Suppose that the function pos(x) is called again, however this time the argument passed as x, is of the type float. The JIT compiler will again infer the types of the variables wherever necessary in the function and generate a new specialised version to handle this type of argument.

This entire feature is known as multiple dispatch. It can be perceived that multiple dispatch is similar to static function overloading, found in other languages but here the operation happens at runtime.

        julia> @code_typed pos(1)
        1  %1 = Base.slt_int(x, 0)::Bool
        └──      goto #3 if not %1
        2       return 0
        3       return x
        ) => Int64
        julia> @code_typed pos(1.2)
        1  %1 = Base.lt_float(x, 0.0)::Bool
        └──      goto #3 if not %1
        2       return 0.0
        3       return x
        ) => Float64

Type Instability

Let us declare a modified test method pos1(x) which will return the value zero in integer type rather than in the type of x in the original function, given that its return condition is fulfilled.

    julia> pos1(x) = x < 0 ? 0 : x

We can see that for an integer input x, the typed form of code is exactly the same. However, the code complexity steeply increases for a input x which is of floating value type.

The reason for this is that zero is an integer (Int64 more specifically) and x might be of any type. Thus depending one the value of x, this modified method might return a value of either type, highlighted by UnionFloat64, Int64 in the generated code. This is one example of type-instability, which can lead to slow down of code execution. One of the reasons being that the compiler has to execute more number of instructions to complete the same task (compare this typed pos1(x) generated code with that of the code generated by pos(x)).

        julia> @code_typed pos1(1)
        1  %1 = Base.slt_int(x, 0)::Bool
        └──      goto #3 if not %1
        2       return 0
        3       return x
        ) => Int64
        julia> @code_typed pos1(1.2)
        1  %1 = Base.sitofp(Float64, 0)::Float64
           %2 = Base.lt_float(x, %1)::Bool
           %3 = Base.eq_float(x, %1)::Bool
           %4 = Base.lt_float(%1, 
           %5 = Base.and_int(%3, %4)::Bool
           %6 = Base.fptosi(Int64, %1)::Int64
           %7 = Base.slt_int(%6, 0)::Bool
           %8 = Base.and_int(%5, %7)::Bool
           %9 = Base.or_int(%2, %8)::Bool
        └──      goto #3 if not %9
        2       return 0
        3       return x
        ) => Union{Float64, Int64}

One may ask why Julia enforce type-stability. Among the multiple reasons, one strikingly important one is that Julia is not a statically typed language. These type-stability issues exist in some measure in all dynamic languages. Not enforcing type-stability also allows the existence of a rich Julia type environment, allowing the inclusion of parametric and dispatch types.

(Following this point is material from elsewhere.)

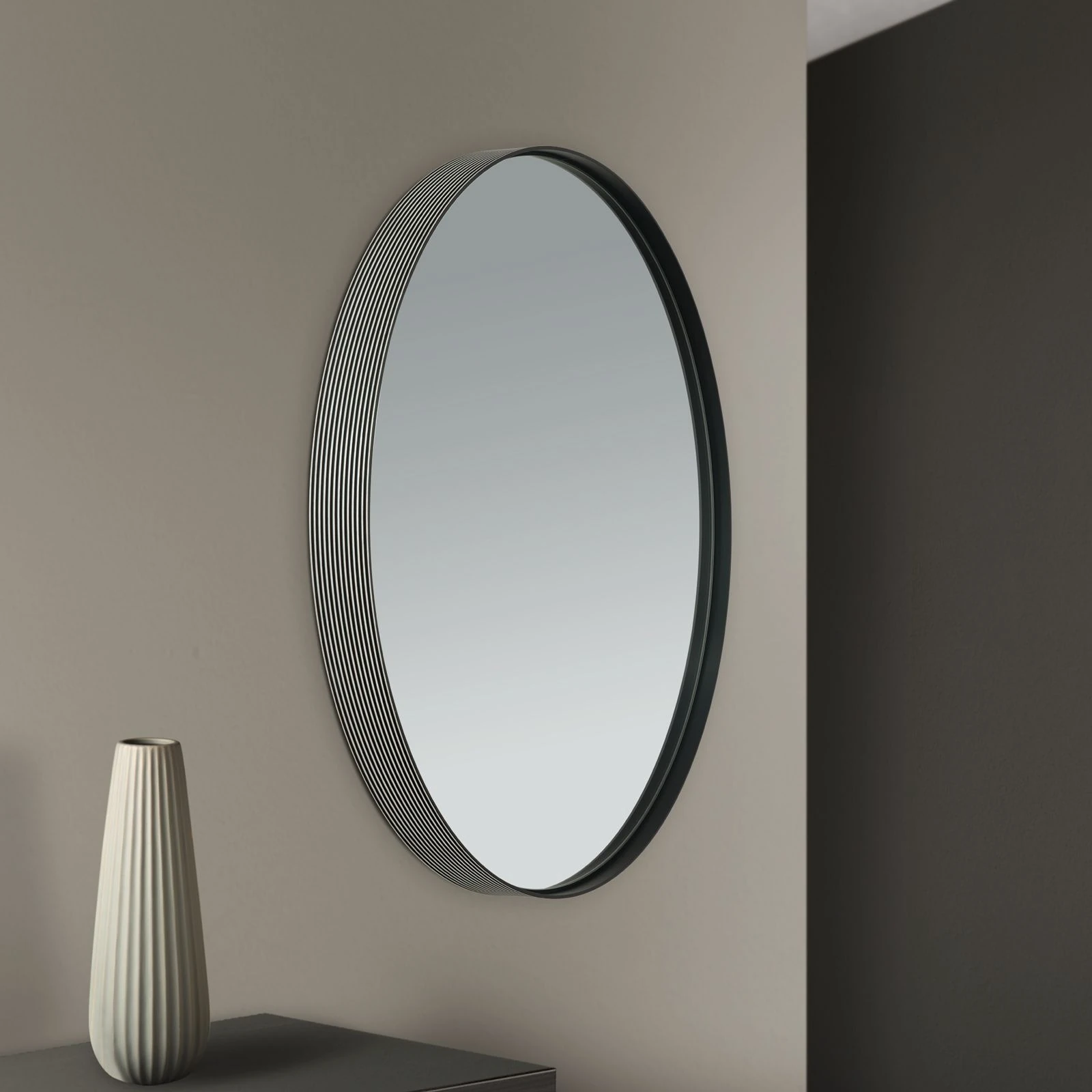 Ogledalo CARLO, Ø 61 cm, crno - 2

Type-stability is much more important factor for Julia compared to several other dynamic languages, and the reason for this was nicely summarised by one of this language’s main developer -

"Basically we can only produce good code, possibly among the best of any code produced by JIT thanks to LLVM’s optimization passes, but can only do so for good julia code (i.e. if you follow performance tip). If you fail to do that, or write in a pattern that’s frequently seen in R/python/JS, the performance will be much slower compare to other JIT out there since the JIT for those languages has to deal with these code so they implements a lot of speculative or profiling based optimizations to get good performance." - Yichao Yu 2

In other words, Julia is a bit of a double edged sword. Written properly it can be as fast as statically typed languages with its compilation process. Written in a manner without keeping in mind the few general guidelines to the language, it can be deceptively slow to work with.